● TASK TO CARRY OUT
Which lines of the entries below run from the one holding "Machine Washable Transitional" to the one holding "Emilio Romanelli Black", inclusive? Set down exactly those lines and no others.
═════ DATA EXCERPTS ═════
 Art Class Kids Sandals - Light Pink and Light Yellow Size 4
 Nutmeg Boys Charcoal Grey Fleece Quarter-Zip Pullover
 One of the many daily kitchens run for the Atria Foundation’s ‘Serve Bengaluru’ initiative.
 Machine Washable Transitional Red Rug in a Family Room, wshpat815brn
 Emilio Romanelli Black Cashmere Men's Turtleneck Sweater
═════
═════ DATA EXCERPTS ═════
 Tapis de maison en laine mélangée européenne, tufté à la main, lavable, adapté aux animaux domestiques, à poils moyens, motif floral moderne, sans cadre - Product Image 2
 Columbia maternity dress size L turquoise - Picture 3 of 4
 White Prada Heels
═════
● RESPONSE AREA
 Machine Washable Transitional Red Rug in a Family Room, wshpat815brn
 Emilio Romanelli Black Cashmere Men's Turtleneck Sweater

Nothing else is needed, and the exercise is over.